### [EXERCISE OBJECTIVE]
Send back exactly the lines from the opening line of the records below through the one with "Snapshot of masterkingofmuscle".

### [RECORDS FOR THIS EXERCISE]

* * *

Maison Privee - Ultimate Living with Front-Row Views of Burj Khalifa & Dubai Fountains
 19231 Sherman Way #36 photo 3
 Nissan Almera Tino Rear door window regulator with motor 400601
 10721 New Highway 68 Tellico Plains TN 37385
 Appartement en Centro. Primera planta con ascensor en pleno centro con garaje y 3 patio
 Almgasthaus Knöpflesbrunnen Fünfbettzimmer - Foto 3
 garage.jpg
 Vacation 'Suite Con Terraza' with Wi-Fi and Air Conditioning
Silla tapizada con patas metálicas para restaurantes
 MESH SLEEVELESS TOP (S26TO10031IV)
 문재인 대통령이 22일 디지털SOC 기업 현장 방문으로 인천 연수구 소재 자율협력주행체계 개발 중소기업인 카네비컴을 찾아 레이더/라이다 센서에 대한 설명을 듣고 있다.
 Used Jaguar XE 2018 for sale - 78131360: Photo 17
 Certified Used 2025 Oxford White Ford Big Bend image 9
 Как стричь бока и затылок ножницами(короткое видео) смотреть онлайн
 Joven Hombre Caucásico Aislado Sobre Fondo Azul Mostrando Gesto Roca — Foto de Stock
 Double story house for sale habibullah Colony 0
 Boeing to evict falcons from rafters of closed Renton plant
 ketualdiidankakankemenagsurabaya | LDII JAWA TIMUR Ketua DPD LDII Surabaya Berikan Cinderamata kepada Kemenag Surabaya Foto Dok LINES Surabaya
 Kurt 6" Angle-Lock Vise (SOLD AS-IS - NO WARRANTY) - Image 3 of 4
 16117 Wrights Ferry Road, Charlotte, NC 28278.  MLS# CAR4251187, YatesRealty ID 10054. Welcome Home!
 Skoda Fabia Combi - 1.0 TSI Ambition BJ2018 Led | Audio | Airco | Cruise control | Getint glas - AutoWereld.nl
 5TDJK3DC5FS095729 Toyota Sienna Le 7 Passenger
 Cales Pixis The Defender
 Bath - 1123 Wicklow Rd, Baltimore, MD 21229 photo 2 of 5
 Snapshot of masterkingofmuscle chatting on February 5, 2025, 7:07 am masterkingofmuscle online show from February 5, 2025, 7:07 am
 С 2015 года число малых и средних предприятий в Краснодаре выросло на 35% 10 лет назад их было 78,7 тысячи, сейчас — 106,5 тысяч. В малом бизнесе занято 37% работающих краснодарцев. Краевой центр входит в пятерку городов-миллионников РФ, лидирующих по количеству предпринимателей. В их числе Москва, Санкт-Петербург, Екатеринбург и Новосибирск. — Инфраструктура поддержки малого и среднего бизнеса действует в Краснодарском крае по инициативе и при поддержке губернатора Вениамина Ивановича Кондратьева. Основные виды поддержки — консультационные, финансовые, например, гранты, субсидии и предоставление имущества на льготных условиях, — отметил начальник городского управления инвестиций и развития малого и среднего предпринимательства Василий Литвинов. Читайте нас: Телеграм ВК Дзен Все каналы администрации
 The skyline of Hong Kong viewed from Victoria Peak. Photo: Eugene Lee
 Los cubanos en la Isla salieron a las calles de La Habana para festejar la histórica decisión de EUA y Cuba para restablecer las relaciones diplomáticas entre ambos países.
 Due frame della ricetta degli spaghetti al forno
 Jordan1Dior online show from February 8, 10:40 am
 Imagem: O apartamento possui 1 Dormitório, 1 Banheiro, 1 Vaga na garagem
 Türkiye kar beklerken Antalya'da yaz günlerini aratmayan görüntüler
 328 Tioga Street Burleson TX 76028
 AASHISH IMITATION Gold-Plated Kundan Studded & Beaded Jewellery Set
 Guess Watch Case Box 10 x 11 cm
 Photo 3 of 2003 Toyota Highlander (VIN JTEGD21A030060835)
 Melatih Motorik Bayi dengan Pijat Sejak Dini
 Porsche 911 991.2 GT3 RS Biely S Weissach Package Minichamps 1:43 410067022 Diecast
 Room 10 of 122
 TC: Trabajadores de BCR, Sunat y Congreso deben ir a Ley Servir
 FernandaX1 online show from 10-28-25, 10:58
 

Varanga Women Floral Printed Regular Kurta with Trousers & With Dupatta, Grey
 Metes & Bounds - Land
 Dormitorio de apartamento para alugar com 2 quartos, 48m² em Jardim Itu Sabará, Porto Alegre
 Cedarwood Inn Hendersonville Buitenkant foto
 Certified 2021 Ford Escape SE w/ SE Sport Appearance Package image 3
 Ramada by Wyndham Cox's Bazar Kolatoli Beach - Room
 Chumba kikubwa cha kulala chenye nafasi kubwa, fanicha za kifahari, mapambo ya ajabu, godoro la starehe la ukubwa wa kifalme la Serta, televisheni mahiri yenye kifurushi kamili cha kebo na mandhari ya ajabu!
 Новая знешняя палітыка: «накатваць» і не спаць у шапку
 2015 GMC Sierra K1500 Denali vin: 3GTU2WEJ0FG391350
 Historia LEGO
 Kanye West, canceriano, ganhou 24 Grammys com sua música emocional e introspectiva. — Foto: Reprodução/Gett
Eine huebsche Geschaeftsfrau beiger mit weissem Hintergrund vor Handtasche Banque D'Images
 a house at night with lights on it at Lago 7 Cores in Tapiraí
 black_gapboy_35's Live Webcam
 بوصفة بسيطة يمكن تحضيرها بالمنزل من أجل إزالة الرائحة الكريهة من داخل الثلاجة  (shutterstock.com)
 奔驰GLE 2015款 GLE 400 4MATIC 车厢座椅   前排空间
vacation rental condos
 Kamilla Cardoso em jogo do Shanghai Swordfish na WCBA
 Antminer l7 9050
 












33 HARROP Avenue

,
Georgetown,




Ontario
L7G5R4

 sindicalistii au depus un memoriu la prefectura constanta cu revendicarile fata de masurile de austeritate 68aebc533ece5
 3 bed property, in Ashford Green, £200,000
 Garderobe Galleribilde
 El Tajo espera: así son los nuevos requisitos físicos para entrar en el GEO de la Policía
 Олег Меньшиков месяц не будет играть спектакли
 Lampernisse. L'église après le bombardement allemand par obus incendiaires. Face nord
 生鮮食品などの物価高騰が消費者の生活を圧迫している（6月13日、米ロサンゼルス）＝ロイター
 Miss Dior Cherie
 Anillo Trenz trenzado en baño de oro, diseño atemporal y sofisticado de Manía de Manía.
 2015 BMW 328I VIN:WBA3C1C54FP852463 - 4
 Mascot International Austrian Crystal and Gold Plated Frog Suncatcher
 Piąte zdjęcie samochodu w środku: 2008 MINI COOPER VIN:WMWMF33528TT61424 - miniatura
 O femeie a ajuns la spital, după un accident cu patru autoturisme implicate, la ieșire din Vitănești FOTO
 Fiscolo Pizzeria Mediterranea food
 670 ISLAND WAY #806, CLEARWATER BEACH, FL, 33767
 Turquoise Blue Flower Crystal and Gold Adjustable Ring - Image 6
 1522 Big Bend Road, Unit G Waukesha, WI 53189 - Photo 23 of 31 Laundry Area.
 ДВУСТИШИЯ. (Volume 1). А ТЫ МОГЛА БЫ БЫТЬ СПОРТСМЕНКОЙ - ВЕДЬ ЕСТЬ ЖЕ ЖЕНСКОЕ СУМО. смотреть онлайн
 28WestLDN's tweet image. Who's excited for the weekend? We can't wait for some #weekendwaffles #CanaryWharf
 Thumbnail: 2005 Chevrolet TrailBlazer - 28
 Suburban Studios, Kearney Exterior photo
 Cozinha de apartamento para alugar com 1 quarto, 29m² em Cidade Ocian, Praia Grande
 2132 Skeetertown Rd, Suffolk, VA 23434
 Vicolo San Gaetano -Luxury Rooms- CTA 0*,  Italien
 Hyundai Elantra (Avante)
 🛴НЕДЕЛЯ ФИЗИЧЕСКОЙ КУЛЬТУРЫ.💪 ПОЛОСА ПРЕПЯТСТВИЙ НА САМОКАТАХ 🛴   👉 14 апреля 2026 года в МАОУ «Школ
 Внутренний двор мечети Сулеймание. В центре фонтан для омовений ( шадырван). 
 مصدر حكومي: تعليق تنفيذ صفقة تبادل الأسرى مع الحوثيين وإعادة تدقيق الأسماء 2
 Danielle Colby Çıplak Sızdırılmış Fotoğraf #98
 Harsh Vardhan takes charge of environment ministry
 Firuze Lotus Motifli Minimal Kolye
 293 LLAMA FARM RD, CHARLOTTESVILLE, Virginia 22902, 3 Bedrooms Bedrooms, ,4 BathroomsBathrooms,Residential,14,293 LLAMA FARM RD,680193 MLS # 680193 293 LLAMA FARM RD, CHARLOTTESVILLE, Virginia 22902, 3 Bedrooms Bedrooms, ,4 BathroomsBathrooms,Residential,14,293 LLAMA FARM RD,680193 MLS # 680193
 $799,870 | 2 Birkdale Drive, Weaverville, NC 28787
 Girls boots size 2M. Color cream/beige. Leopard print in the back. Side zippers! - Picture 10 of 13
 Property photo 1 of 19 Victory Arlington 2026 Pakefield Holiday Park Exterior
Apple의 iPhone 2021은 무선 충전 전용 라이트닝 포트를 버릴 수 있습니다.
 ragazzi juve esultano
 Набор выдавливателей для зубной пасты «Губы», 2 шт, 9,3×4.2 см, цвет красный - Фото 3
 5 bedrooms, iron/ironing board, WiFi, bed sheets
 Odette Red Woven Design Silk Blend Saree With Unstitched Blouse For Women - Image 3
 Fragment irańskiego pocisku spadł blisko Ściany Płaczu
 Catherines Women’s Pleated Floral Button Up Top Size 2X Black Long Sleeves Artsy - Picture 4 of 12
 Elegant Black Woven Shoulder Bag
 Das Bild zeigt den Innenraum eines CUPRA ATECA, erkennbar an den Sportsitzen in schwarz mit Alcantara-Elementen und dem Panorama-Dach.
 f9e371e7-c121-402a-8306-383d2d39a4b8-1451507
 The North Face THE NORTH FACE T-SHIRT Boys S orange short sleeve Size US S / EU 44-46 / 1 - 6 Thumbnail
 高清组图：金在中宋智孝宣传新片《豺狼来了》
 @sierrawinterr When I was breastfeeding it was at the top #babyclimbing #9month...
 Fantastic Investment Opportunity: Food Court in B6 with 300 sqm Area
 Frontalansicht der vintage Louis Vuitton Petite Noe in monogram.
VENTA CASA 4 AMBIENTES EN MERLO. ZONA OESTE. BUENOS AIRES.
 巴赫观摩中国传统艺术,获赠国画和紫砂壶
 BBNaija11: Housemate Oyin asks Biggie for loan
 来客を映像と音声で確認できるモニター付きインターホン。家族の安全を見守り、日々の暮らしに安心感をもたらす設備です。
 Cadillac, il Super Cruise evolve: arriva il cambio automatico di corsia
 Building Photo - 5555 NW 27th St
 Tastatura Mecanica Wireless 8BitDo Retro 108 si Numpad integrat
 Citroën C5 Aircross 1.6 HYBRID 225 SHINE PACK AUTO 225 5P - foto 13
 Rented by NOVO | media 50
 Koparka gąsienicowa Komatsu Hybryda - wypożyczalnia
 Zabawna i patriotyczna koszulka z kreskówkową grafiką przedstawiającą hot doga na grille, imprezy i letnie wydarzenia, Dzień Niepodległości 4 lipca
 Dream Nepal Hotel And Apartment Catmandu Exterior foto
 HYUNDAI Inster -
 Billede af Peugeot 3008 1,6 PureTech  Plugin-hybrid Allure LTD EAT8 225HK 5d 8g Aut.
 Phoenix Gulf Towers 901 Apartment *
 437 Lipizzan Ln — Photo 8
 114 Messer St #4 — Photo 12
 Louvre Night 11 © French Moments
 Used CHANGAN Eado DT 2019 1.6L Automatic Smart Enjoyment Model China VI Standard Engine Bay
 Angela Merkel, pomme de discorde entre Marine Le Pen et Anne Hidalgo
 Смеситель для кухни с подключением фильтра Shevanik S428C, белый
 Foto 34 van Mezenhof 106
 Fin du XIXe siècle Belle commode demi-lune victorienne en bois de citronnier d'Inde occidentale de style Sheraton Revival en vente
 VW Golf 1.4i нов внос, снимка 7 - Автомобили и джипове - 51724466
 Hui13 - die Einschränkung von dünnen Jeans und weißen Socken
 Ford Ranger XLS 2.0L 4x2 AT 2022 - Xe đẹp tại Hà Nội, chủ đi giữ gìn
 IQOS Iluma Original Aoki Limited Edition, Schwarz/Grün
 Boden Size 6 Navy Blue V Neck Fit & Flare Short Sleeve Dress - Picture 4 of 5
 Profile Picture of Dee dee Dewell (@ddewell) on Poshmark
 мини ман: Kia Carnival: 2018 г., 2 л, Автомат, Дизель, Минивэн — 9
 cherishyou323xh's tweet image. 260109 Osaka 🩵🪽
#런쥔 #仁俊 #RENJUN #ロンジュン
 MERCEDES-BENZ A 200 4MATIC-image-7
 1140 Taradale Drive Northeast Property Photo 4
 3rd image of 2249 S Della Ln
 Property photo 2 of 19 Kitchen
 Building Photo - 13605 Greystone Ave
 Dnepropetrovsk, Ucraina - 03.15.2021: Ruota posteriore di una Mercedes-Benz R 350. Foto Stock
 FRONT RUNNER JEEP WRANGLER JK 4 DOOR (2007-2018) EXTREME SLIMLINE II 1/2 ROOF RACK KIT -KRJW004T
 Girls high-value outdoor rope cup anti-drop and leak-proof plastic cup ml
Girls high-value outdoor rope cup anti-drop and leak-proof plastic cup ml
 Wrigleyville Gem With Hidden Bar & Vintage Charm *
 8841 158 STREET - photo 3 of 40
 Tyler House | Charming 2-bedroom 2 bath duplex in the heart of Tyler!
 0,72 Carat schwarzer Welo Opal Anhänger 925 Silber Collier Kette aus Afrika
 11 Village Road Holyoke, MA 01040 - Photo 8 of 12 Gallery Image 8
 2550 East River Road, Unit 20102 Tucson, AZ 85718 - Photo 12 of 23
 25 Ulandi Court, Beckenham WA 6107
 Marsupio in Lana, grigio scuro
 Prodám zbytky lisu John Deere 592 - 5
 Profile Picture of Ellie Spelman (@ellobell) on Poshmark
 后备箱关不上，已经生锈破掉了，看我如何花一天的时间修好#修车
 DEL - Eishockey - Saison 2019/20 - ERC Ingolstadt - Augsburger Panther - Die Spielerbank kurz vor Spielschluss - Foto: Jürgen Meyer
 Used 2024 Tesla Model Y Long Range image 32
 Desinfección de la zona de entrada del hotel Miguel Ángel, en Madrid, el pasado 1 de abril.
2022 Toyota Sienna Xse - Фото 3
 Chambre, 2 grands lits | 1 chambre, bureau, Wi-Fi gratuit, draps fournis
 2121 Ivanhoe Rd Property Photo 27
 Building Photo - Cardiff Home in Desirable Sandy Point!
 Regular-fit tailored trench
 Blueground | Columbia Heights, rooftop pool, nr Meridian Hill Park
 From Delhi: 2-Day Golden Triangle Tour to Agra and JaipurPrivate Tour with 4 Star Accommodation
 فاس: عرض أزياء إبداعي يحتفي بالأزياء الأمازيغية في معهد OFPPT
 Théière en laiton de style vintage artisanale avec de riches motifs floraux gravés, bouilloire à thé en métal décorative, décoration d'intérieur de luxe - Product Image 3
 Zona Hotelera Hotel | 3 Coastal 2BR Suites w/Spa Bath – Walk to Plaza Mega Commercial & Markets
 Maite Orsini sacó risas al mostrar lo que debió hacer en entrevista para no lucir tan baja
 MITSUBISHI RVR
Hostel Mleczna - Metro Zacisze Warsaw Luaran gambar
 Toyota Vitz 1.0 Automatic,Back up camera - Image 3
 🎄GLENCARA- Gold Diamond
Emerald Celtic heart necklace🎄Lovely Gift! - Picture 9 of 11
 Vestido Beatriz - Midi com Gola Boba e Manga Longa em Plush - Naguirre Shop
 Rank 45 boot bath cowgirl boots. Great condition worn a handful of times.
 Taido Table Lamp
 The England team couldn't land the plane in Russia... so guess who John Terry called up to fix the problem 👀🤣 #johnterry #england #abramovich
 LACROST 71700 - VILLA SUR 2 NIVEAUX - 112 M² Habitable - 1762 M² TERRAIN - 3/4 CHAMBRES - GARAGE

* * *

### [ANSWER SPACE]
Maison Privee - Ultimate Living with Front-Row Views of Burj Khalifa & Dubai Fountains
 19231 Sherman Way #36 photo 3
 Nissan Almera Tino Rear door window regulator with motor 400601
 10721 New Highway 68 Tellico Plains TN 37385
 Appartement en Centro. Primera planta con ascensor en pleno centro con garaje y 3 patio
 Almgasthaus Knöpflesbrunnen Fünfbettzimmer - Foto 3
 garage.jpg
 Vacation 'Suite Con Terraza' with Wi-Fi and Air Conditioning
Silla tapizada con patas metálicas para restaurantes
 MESH SLEEVELESS TOP (S26TO10031IV)
 문재인 대통령이 22일 디지털SOC 기업 현장 방문으로 인천 연수구 소재 자율협력주행체계 개발 중소기업인 카네비컴을 찾아 레이더/라이다 센서에 대한 설명을 듣고 있다.
 Used Jaguar XE 2018 for sale - 78131360: Photo 17
 Certified Used 2025 Oxford White Ford Big Bend image 9
 Как стричь бока и затылок ножницами(короткое видео) смотреть онлайн
 Joven Hombre Caucásico Aislado Sobre Fondo Azul Mostrando Gesto Roca — Foto de Stock
 Double story house for sale habibullah Colony 0
 Boeing to evict falcons from rafters of closed Renton plant
 ketualdiidankakankemenagsurabaya | LDII JAWA TIMUR Ketua DPD LDII Surabaya Berikan Cinderamata kepada Kemenag Surabaya Foto Dok LINES Surabaya
 Kurt 6" Angle-Lock Vise (SOLD AS-IS - NO WARRANTY) - Image 3 of 4
 16117 Wrights Ferry Road, Charlotte, NC 28278.  MLS# CAR4251187, YatesRealty ID 10054. Welcome Home!
 Skoda Fabia Combi - 1.0 TSI Ambition BJ2018 Led | Audio | Airco | Cruise control | Getint glas - AutoWereld.nl
 5TDJK3DC5FS095729 Toyota Sienna Le 7 Passenger
 Cales Pixis The Defender
 Bath - 1123 Wicklow Rd, Baltimore, MD 21229 photo 2 of 5
 Snapshot of masterkingofmuscle chatting on February 5, 2025, 7:07 am masterkingofmuscle online show from February 5, 2025, 7:07 am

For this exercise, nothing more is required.